The new infrastructure in the Coldwater community has enabled access to high-speed broadband internet speeds of more than 50 megabits per second (Mbps) for downloads and 10 Mbps for uploads. In comparison, one high-definition stream from Netflix requires a 5 Mbps download speed.
“I am happy that Telus was able to bring high-speed internet to Coldwater,” said Kristopher Oppenheim, the Coldwater Indian Band’s lands, wills and estates administrator.
“It feels like we are catching up with the world around us. Our members can now have stable internet services. We are no longer in the stone age.”
The province said that it invested approximately $185,000, along with a $173,000 investment by Telus, toward the total project cost of approximately $358,000.
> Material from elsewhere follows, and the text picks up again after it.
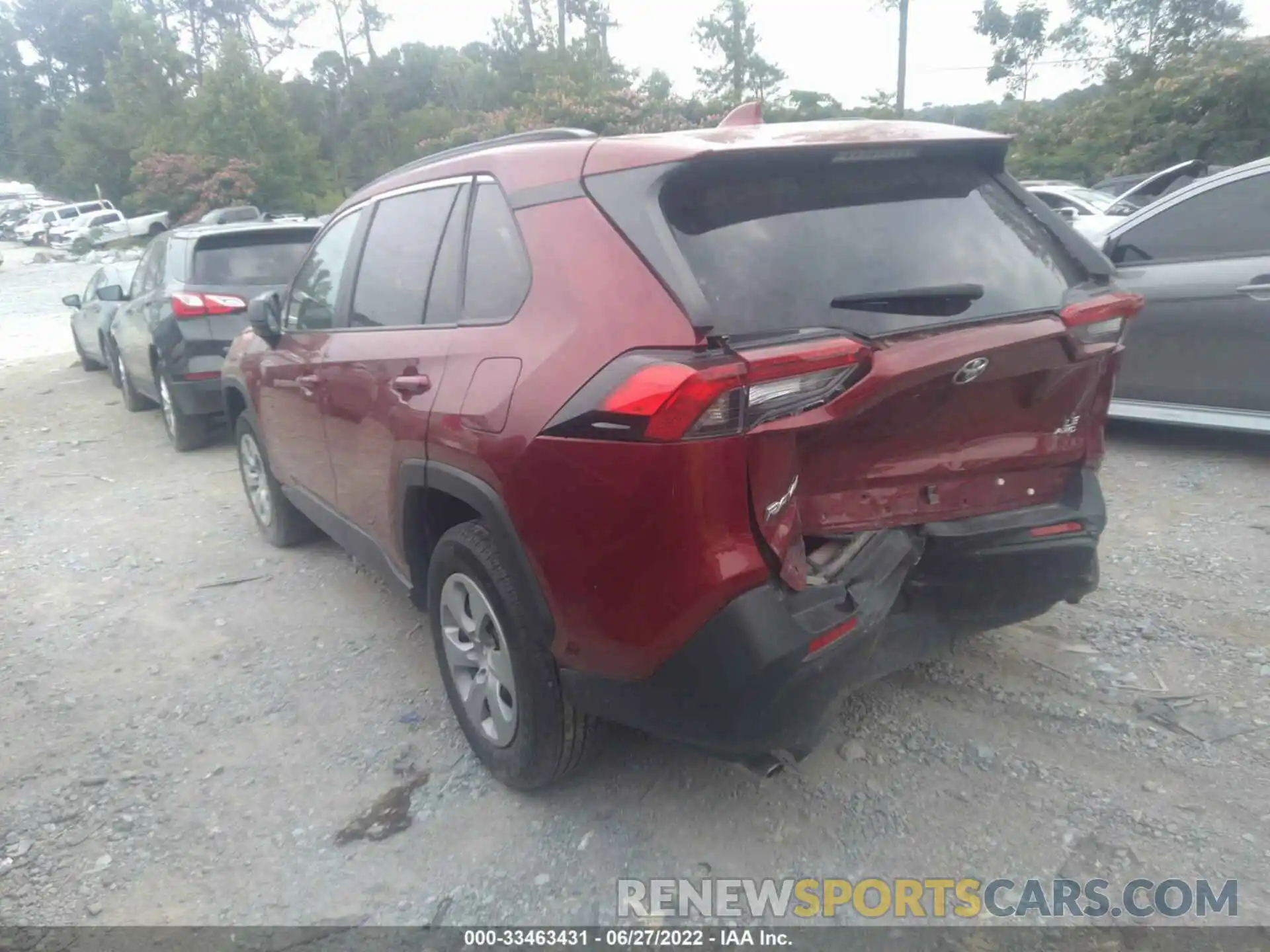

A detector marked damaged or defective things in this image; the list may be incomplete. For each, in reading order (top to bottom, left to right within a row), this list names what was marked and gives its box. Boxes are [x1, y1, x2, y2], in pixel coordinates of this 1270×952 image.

exposed rear bumper structure [561, 469, 1107, 762]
“Access to high-speed internet has become increasingly critical for people in rural and remote communities, including many Indigenous communities,” said Roly Russell, parliamentary secretary for rural development.
“It provides economic opportunities and better access to services that improve quality of life through improvements to the social determinants of health, and so much more. The completion of this project will provide more residents with the connectivity they need to access the digital economy, start on new education pathways, open new connections to mental and physical health services, and improve connection to those who matter most to them.”
In March 2022, the province partnered with the federal government to provide as much as $830 million to expand high-speed internet services to connect all remaining rural and First Nations households in the province. Upper Nicola Band’s Quilchena reserve recently received similar upgrades.
The province said in its release that its commitment to connect every household in B.C. to high-speed internet services by 2027 will level the playing field for British Columbians and ensure every community has better access to jobs, education, training and healthcare.